It’s not a canard. We have a shitty mess of gun laws in this country - and the gun lobby has a lot of power. Anyone that even asks the question - or makes a public stand - about needing to revisit in a serious manner what we’re doing to keep dangerous weapons out of the hands of the wrong people ultimately gets marginalized and ignored at best.
Just doing a Wiki look up of the state by state differences in gun laws is shocking.
And it’s not irrelevent to look at the fact that we’re the only civilized country in the world that has this level of gun violence.
“Fascinating theory but let’s try literally every other possible approach first!”
I assume that the USA is most of Other
First of all, the second amendment only gets to claim credit for things the second amendment facilitated. It didn’t help with the French revolution or even the American revolution.

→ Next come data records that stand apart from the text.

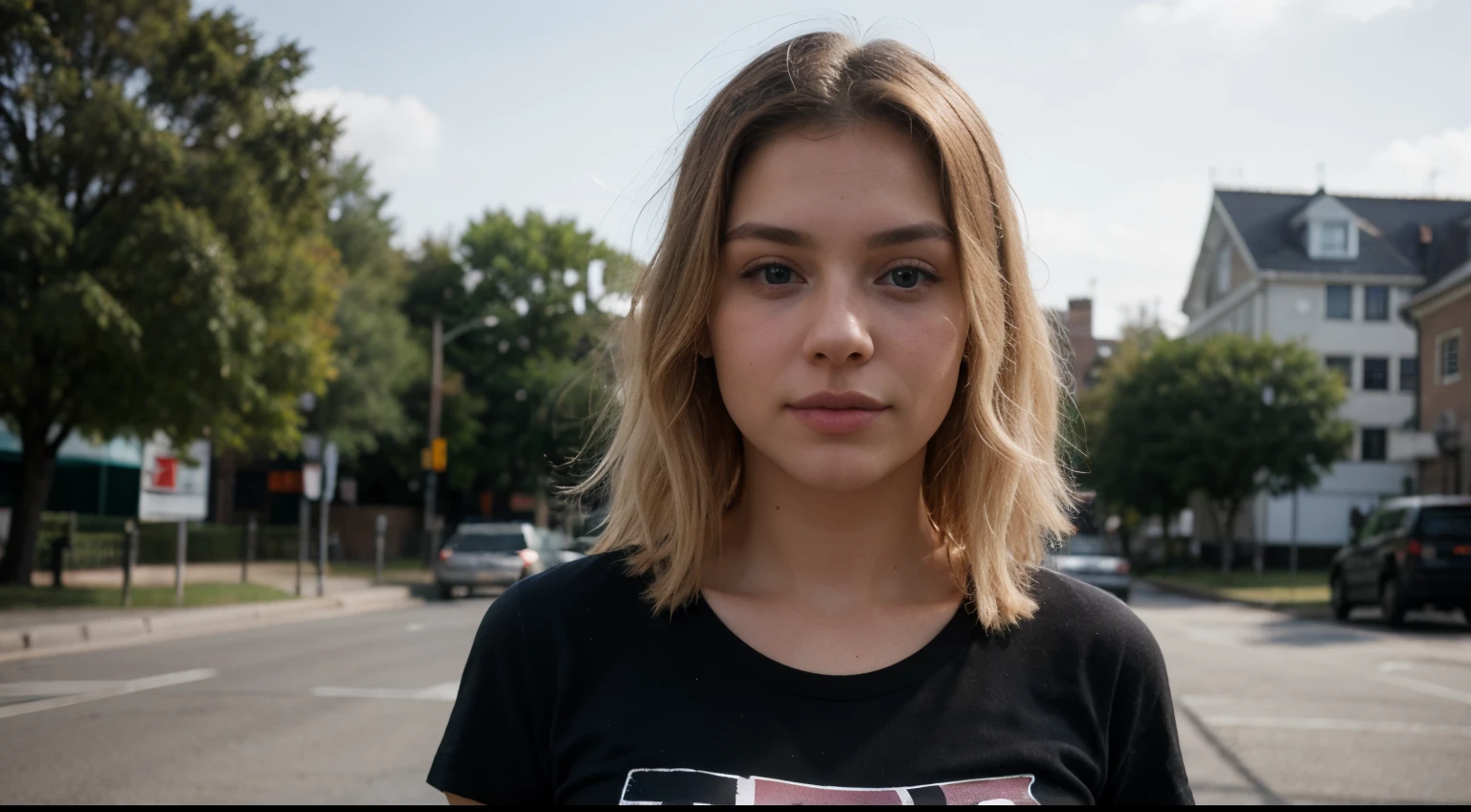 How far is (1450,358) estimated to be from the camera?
32.4 meters

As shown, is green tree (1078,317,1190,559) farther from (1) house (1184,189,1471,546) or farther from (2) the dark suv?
(2) the dark suv

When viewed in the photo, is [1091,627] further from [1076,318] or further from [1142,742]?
[1076,318]

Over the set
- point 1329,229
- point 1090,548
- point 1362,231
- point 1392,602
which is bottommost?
point 1392,602

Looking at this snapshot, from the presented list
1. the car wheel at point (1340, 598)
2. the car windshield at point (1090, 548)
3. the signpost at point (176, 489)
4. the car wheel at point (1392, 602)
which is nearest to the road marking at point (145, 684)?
the signpost at point (176, 489)

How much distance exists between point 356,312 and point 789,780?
4821 cm

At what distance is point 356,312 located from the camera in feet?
157

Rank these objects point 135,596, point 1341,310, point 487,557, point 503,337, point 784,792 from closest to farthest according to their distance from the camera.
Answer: point 784,792 < point 135,596 < point 487,557 < point 503,337 < point 1341,310

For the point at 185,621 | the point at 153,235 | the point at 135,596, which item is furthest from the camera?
the point at 135,596

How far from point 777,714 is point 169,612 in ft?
54.8

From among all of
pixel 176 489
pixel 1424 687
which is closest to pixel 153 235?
pixel 176 489

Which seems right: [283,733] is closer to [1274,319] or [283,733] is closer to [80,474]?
[80,474]

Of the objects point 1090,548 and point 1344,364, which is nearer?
point 1090,548

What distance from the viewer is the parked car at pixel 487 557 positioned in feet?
84.3

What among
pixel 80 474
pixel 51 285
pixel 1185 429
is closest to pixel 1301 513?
pixel 1185 429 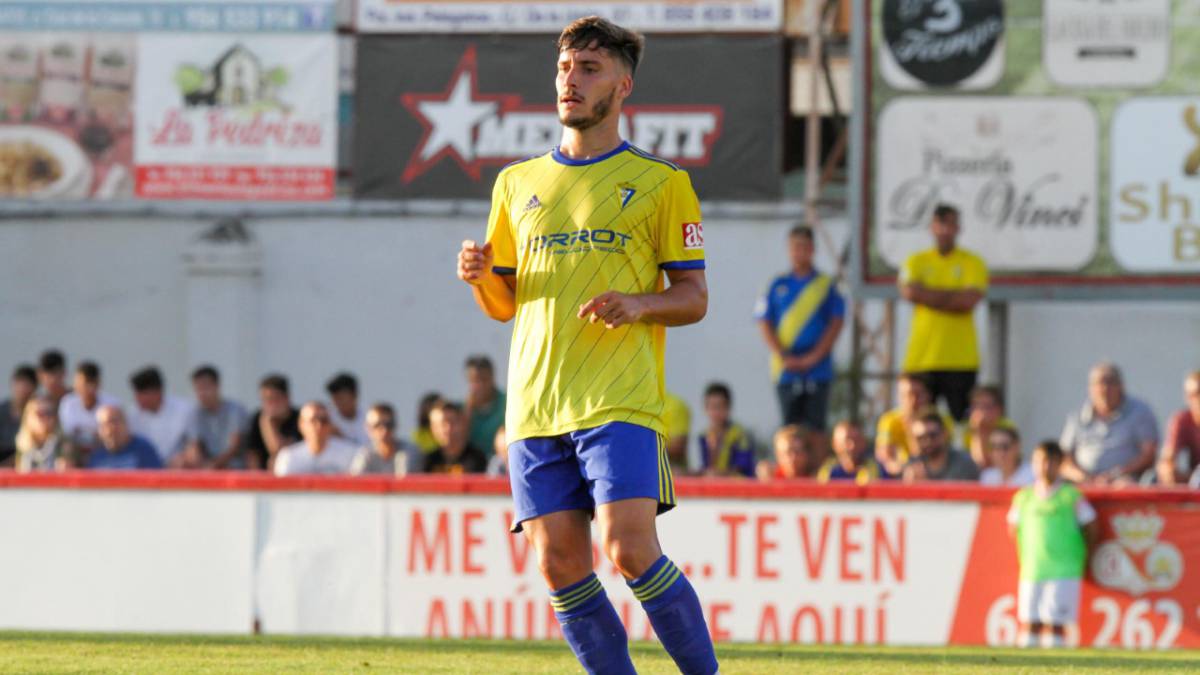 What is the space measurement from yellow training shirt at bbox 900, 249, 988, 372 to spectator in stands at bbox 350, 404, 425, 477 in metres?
3.75

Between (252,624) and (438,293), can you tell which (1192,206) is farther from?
(438,293)

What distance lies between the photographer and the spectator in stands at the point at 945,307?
1491 centimetres

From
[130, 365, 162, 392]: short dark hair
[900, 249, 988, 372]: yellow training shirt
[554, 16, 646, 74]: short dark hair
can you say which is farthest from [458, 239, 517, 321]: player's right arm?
[130, 365, 162, 392]: short dark hair

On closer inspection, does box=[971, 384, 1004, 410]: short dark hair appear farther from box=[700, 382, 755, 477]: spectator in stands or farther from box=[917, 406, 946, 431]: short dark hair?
box=[700, 382, 755, 477]: spectator in stands

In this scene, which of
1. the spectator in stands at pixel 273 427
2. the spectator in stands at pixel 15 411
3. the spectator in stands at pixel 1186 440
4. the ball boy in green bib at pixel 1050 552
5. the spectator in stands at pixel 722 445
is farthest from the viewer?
the spectator in stands at pixel 15 411

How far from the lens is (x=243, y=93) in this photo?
1942 centimetres

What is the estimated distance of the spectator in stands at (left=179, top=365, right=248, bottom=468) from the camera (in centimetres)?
1530

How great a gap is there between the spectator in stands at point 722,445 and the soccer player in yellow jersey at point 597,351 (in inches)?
308

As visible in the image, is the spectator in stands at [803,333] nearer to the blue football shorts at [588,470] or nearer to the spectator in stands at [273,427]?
the spectator in stands at [273,427]

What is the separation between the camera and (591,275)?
20.6ft

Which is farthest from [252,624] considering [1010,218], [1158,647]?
[1010,218]

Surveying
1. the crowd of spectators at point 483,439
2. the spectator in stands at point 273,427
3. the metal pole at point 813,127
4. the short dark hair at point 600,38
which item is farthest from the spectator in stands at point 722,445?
the short dark hair at point 600,38

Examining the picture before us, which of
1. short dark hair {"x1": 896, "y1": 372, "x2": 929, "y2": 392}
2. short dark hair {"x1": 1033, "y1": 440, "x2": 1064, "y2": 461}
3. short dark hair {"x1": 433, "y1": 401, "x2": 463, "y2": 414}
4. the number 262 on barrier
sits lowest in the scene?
the number 262 on barrier

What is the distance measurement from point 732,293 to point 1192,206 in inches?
273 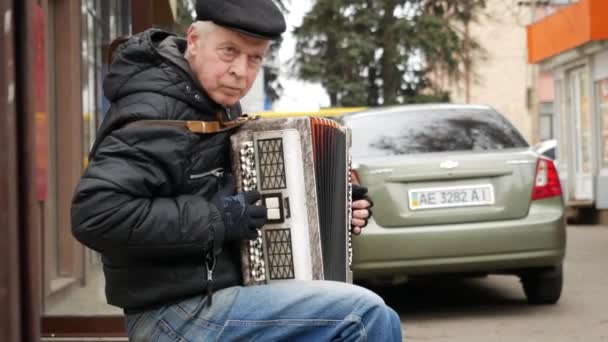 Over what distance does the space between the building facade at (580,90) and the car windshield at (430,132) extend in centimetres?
1256

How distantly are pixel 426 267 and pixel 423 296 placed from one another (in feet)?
6.35

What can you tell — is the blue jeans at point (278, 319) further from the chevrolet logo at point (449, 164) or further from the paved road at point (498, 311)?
the chevrolet logo at point (449, 164)

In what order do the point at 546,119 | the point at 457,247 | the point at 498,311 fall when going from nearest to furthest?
the point at 457,247 → the point at 498,311 → the point at 546,119

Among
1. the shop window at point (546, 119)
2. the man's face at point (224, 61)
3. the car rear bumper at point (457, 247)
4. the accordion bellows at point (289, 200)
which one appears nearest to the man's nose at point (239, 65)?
the man's face at point (224, 61)

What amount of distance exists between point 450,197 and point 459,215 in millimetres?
135

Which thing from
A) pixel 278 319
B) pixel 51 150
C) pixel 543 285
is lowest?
pixel 543 285

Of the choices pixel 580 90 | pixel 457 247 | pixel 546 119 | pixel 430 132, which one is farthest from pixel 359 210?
pixel 546 119

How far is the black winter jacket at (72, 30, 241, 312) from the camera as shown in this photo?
2.64 m

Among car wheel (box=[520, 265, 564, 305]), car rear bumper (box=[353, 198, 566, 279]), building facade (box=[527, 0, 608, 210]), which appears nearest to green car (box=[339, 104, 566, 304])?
car rear bumper (box=[353, 198, 566, 279])

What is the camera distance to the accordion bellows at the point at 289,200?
3006 mm

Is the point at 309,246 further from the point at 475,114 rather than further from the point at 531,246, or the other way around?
Answer: the point at 475,114

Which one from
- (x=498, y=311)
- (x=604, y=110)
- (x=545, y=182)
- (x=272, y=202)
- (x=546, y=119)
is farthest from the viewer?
(x=546, y=119)

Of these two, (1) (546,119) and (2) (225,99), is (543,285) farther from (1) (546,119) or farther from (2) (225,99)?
(1) (546,119)

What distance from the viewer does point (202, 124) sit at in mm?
2887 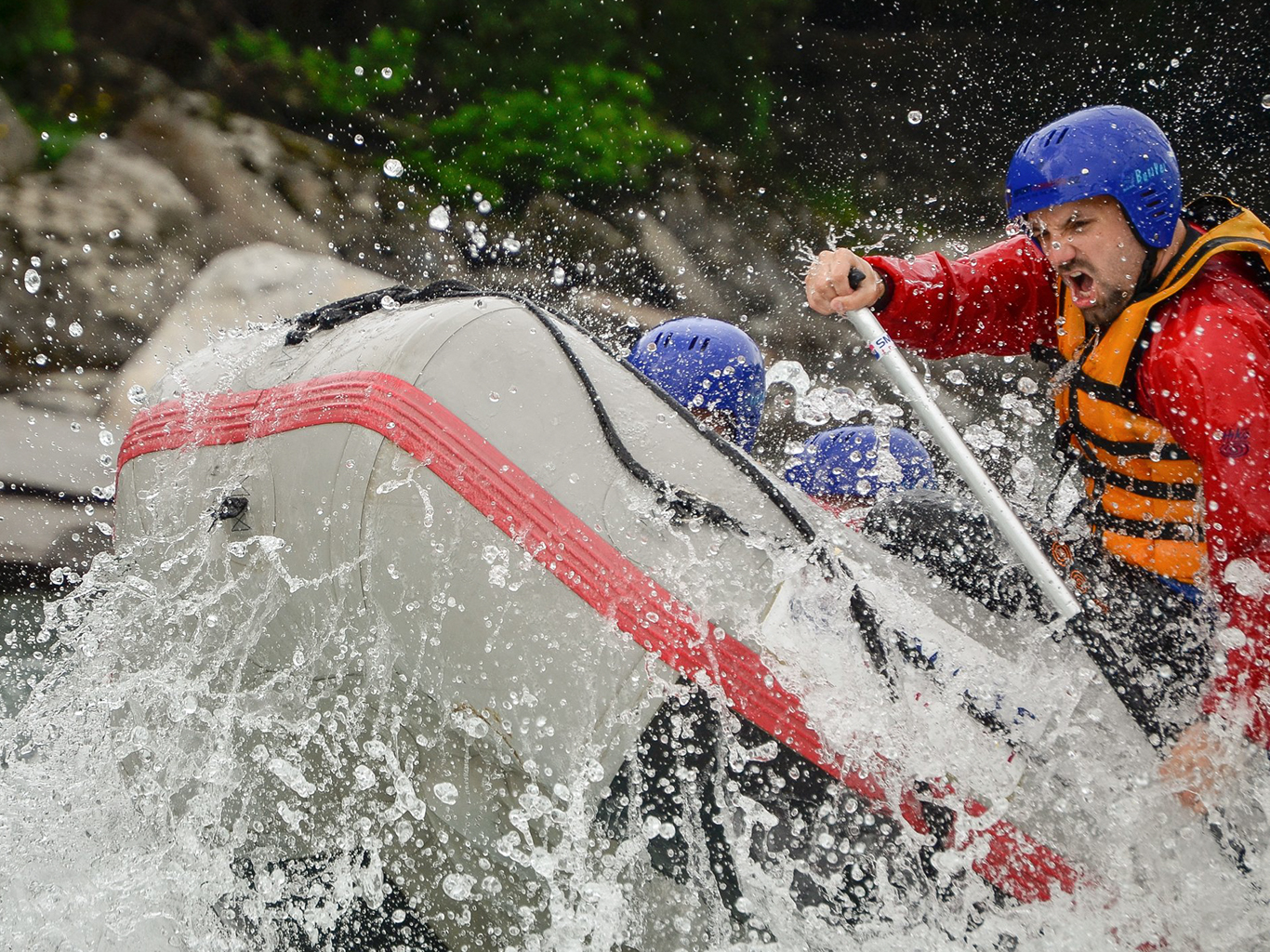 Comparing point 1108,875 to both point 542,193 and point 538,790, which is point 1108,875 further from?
point 542,193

Lot’s of terrible public policy can be made by simplifying historical events. Guns were a useful tool for overthrowing some tyrannical leaders. You can’t generalize from that and say that permissive guns laws make it harder for tyranny to take root.
If a tyrannical government takes hold in the near future in America it will likely have the backing of the majority of American gun owners. Those AR-15s will be in the hands of the brownshirts.
Sounds like the name of someone you might meet at an ICP gathering.
I should make it clear that I am not arguing against trying gun control, here, and I am not really interested in protecting all or even most gun rights. Sure, let’s make assault weaponry less available.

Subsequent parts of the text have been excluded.